Segment Start: MATERIAL SUPPLIED
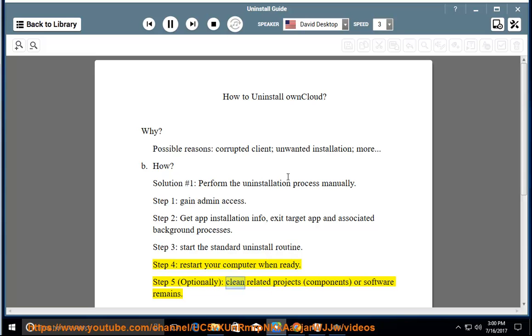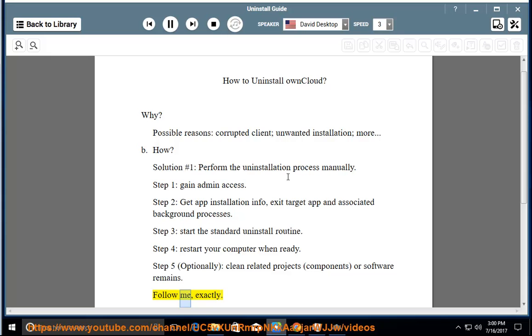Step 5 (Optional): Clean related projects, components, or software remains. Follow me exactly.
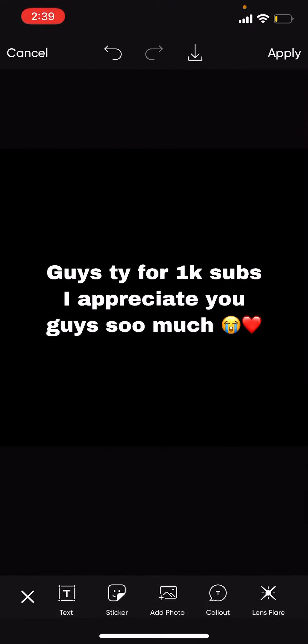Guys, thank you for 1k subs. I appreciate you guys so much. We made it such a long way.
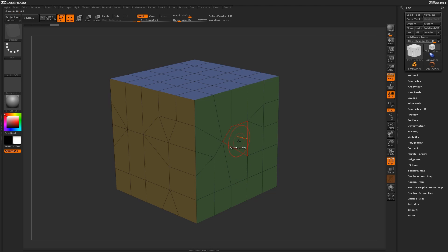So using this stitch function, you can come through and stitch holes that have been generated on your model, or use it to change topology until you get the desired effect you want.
Segment End: MATERIAL SUPPLIED
Segment Start: MATERIAL SUPPLIED
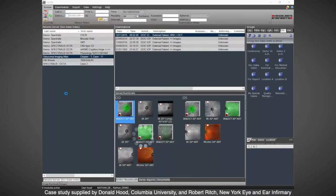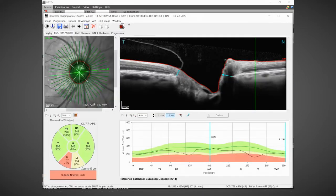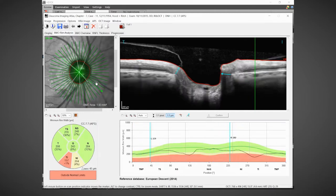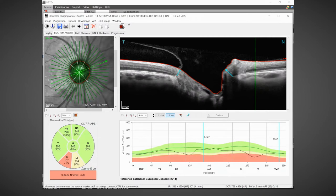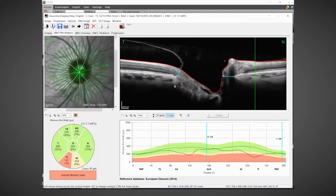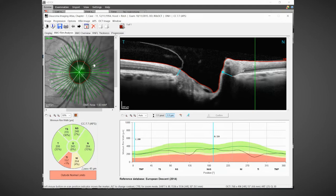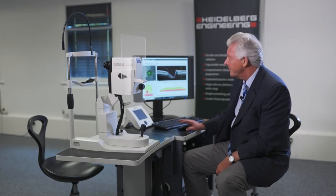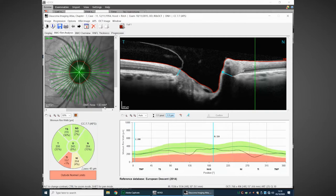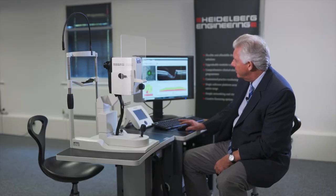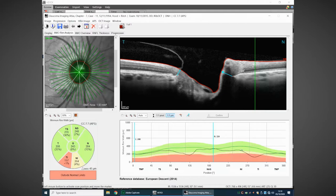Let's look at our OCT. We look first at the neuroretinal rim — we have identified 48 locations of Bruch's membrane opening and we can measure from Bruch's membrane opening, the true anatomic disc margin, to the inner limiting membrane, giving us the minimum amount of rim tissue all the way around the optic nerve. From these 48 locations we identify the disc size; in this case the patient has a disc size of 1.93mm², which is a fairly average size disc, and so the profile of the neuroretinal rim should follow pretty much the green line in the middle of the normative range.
Segment End: MATERIAL SUPPLIED
## EXERCISE OBJECTIVE
What are the lines in the records above, word for word, from the one containing "Step 5 (Optional): Clean" through the one containing "Guys, thank you", both ends included and pictures left out?

## EXERCISE OUTPUT
Step 5 (Optional): Clean related projects, components, or software remains. Follow me exactly.
Guys, thank you for 1k subs. I appreciate you guys so much. We made it such a long way.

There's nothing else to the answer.